[Date Prev][Date Next][Thread Prev][Thread Next][Date Index][Thread Index]
Re: How to add pseudo vector types
From: |
Yuan Fu |
Subject: |
Re: How to add pseudo vector types |
Date: |
Thu, 22 Jul 2021 13:47:20 -0400 |
> On Jul 22, 2021, at 1:00 PM, Eli Zaretskii <eliz@gnu.org> wrote:
>
>> From: Yuan Fu <casouri@gmail.com>
>> Date: Thu, 22 Jul 2021 09:47:45 -0400
>> Cc: Stefan Monnier <monnier@iro.umontreal.ca>,
>> Clément Pit-Claudel <cpitclaudel@gmail.com>,
>> emacs-devel@gnu.org
>>
>> Yes, I meant to discuss this. The problem with respecting narrowing is that,
>> a user can freely narrow and widen arbitrarily, and Emacs needs to translate
>> them into insertion & deletion of the buffer text for tree-sitter, every
>> time a user narrows or widens the buffer. Plus, if tree-sitter respects
>> narrowing, it could happen where a user narrows the buffer, the font-locking
>> changes and is not correct anymore. Maybe that’s not the user want. Also, if
>> someone narrows and widens often, maybe narrow to a function for better
>> focus, tree-sitter needs to constantly re-parse most of the buffer. These
>> are not significant disadvantages, but what do we get from respecting
>> narrowing that justifies code complexity and these small annoyances?
>
> But that's how the current font-lock and indentation work: they never
> look beyond the narrowing limits. So why should the TS-based features
> behave differently?
>
> As for temporary narrowing: if we record the changes, but don't send
> them to TS until we actually need re-parsing, then we could eliminate
> the temporary narrowing when we report the changes to TS, leaving only
> the narrowing that exists at the time of the re-parse. At least for
> fontifications, that time is redisplay time, and users do expect to
> see the text fontified according to the current narrowing.
>
>>>> *bytes_read = (uint32_t) len;
>>>
>>> Is using uint32_t the restriction of tree-sitter? Doesn't it support
>>> reading more than 2 gigabytes?
>>
>> I’m not sure why it asks for uint32 specifically, but that’s what it asks
>> for its api. I don’t think you are supposed to use tree-sitter on files of
>> size of gigabytes, because the author mentioned that tree-sitter uses over
>> 10x as much memory as the size of the source file [1]. On files larger than
>> a couple of megabytes, I think we better turn off tree-sitter. Normally
>> those files are not regular source files, anyway, and we don’t need a parse
>> tree for a log.
>
> I don't necessarily agree with the "not regular source files" part.

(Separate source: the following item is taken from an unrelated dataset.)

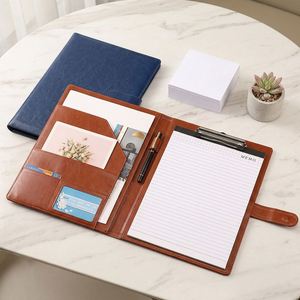 Carpeta de Almacenamiento de Cuero Personalizada A4 para Actas de Reuniones de Negocios, Regalo de Oficina Portátil - Product Image 1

> For example, JSON files can be quite large. And there are also log
> files, which are even larger -- did no one adapt TS to fontifying
> those yet?
There is a JSON parser, but I don’t think there is one for log files.
>
> More generally: is the problem real? If you make a file that is 1000
> copies of xdisp.c, and then submit it to TS, do you really get 10GB of
> memory consumption? This is something that is good to know up front,
> so we'd know what to expect down the road.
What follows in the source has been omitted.